COUNT HIM NOT AS AN ENEMY, BUT ADMONISH HIM AS

A BROTHER.—2 Thess. ii. 15,

IT IS BETTER TO HEAR THE REBUKE OF THE WISE, THAN FOR A MAN TO HEAR THE SONG OF FOOLS:'-Eccl. vii. 5.

The morning was very fine on which the party met to proceed on their excursion. The Vicar of St. Mary's seemed to have recovered his spirits, and to be dividing his attentions between Miss Lucy Wilmot and one of the Miss Hoopers. Mrs. Wilmot appeared rather depressed, but soon assumed her natural lively manner; she led the way into the picture gallery, calling the attention of Mr. H. Conroy to a fine painting by Rembrandt, which she said was reputed to be one of the most valuable in the collection.

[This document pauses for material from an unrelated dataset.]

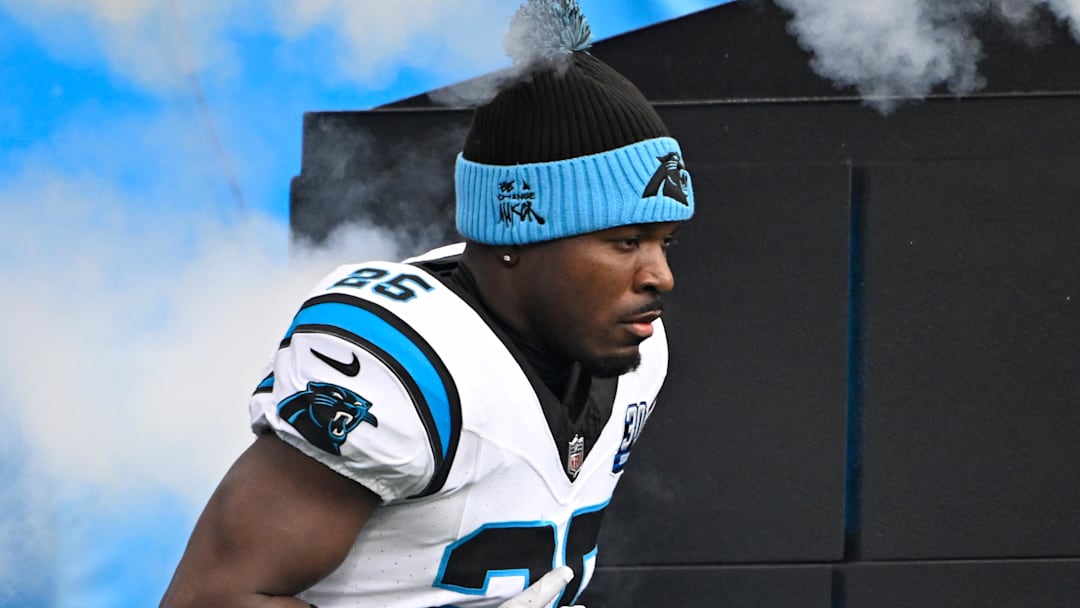 Carolina Panthers safety Xavier Woods runs on to the field before the game.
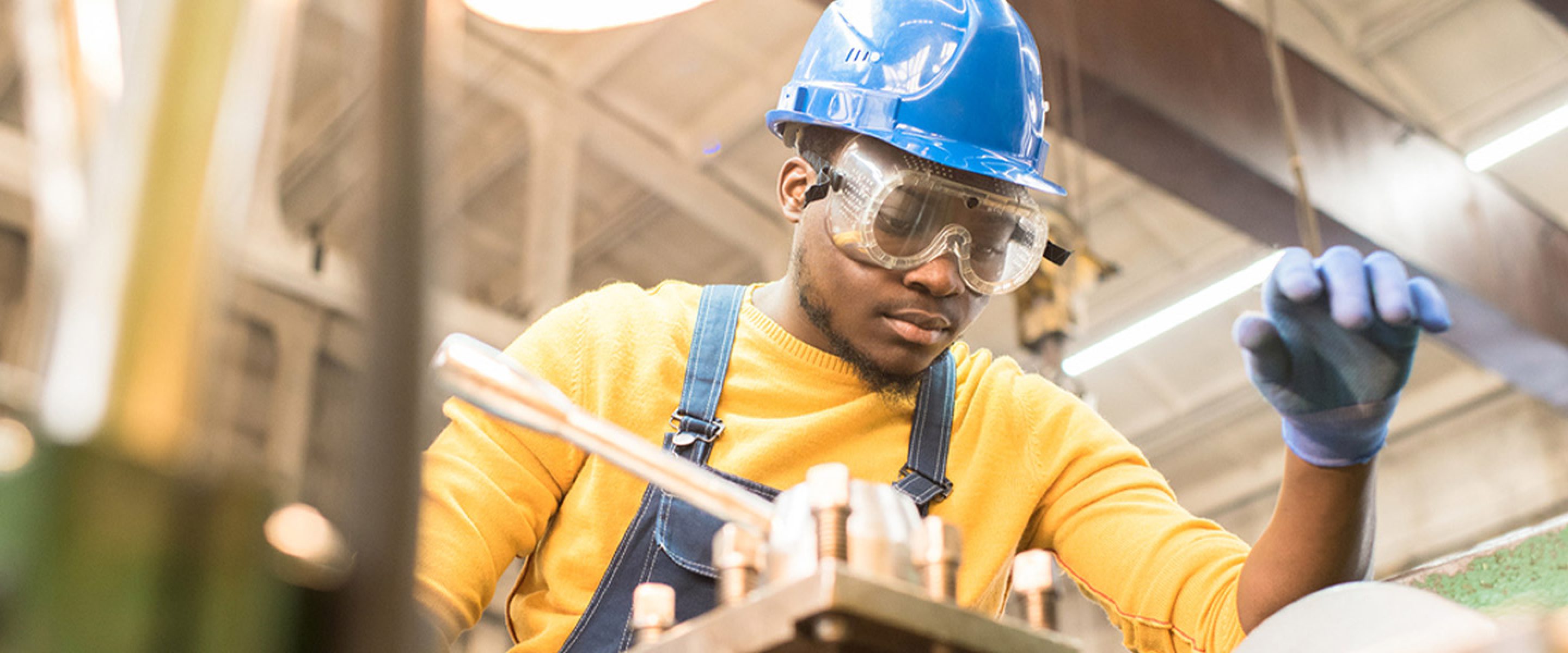 Young male factory worker focuses on task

The two elder daughters joined their mother in pointing out, and commenting on its merit: “How sweetly that baby smiles in its mother's face,” said one of the ladies, “ and how round and fat that pretty little hand is." “ What a fine countenance the mother has, and how full of expression her eyes are!” said another. “What a sweet painter Rembrandt is ! how soft and beautiful his figures are ! I wonder, mamma, if Lord B- would allow me to make a copy of this picture?” “ I should think he might, my dear, we can ask if he ever allows his pictures to be copied, I should like you to copy this Rembrandt, and I think you could make a very pretty little drawing”—“ for my study,” added the Vicar of St. Mary's, concluding Mrs. Wilmot's sentence; they all laughed and continued their criticisms.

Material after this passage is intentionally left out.